(92番) わが袖は 潮干(シホヒ)に見えぬ 沖の石の
人こそ知らね 乾く間もなし
二条院讃岐(『千載集』恋2・760)
<訳> 私の袖は、引き潮の時でさえ海中に隠れて見えない沖の石のようだ。他人は知らないだろうが、(涙に濡れて)乾く間もない。 (小倉山荘氏)
oooooooooooooo
沖で海の底に沈んだ岩は、波静かな引き潮の時でさえ、姿を現すことはなく濡れたままである。この岩に似て、わたしの衣の袖は、涙で濡れて乾く間もないのよ。

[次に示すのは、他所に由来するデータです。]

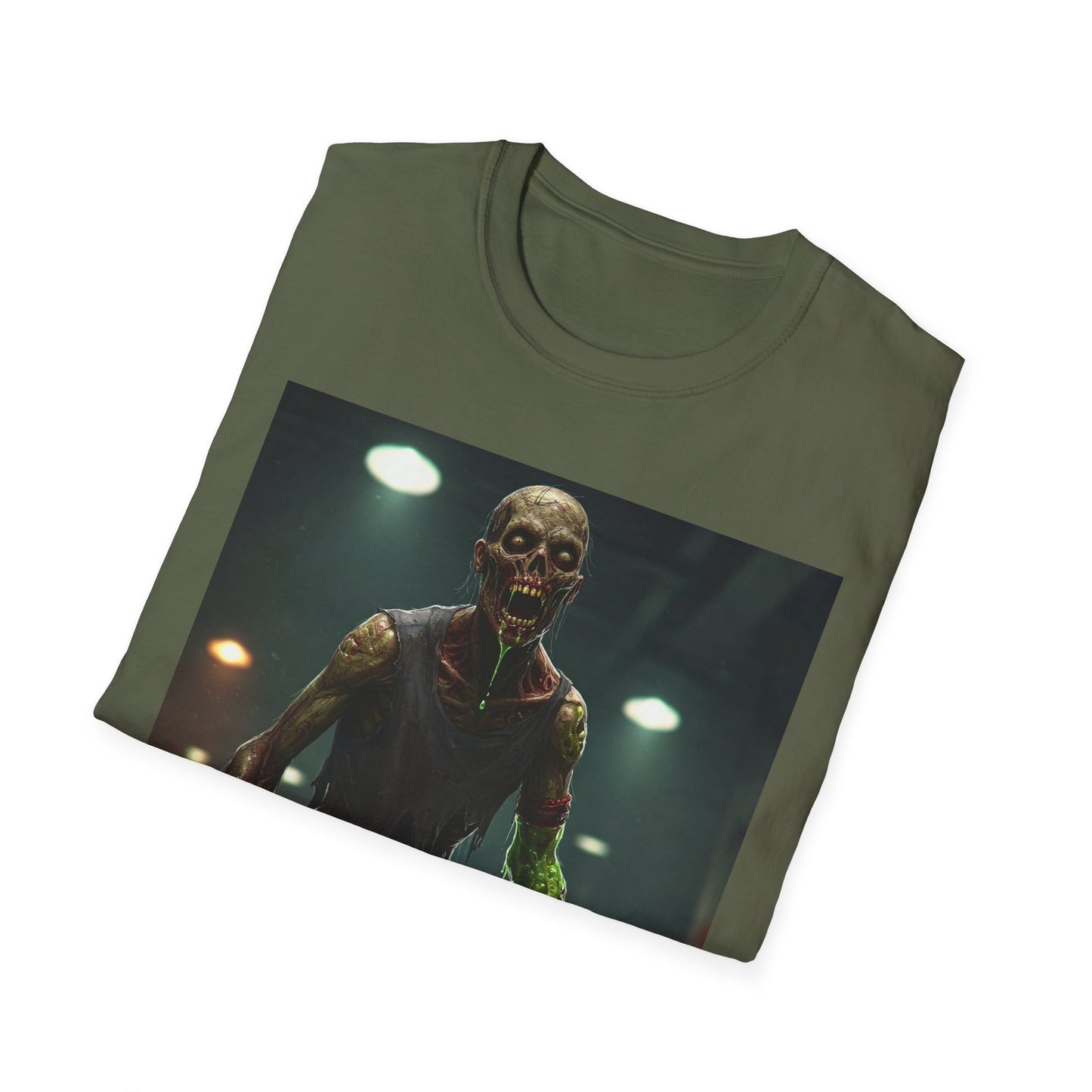 Apocalyptic Portrait Tee, bold, decaying zombie graphic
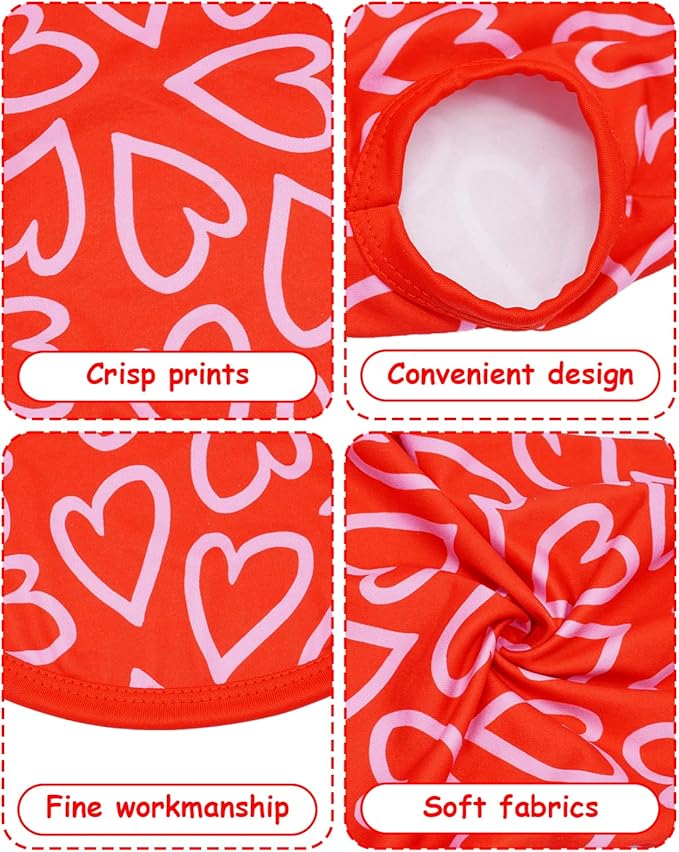 PET SHOW 4 Pack Valentines Day Dog Shirts for Extra Small Doggies Tank Top Tee Red Pink Love T-Shirts Pets Holiday Party Sleeveless Vest Cats Kittens Puppy Clothes Boys Girls(X-Small)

でもあの人は、いつまでも気づいてくれそうにない。秘めた片思いの歌です。
歌会で「石に寄せる恋」の題で詠われた歌である。 “涙で濡れた袖”を「沖の石」に例えた斬新さが評判となり、当時、作者は、「沖の石の讃岐」とあだ名されるほどであった。二条院に仕え、院の没後に藤原重頼と結婚、後に後鳥羽院の中宮・宜秋門院任子に仕える。
父・右京大夫・源頼政も歌人で、讃岐も若いころから歌の才を発揮していた。特に後鳥羽院歌壇では多くの歌合に出詠している。女房三十六歌仙のひとりである。七言絶句としました。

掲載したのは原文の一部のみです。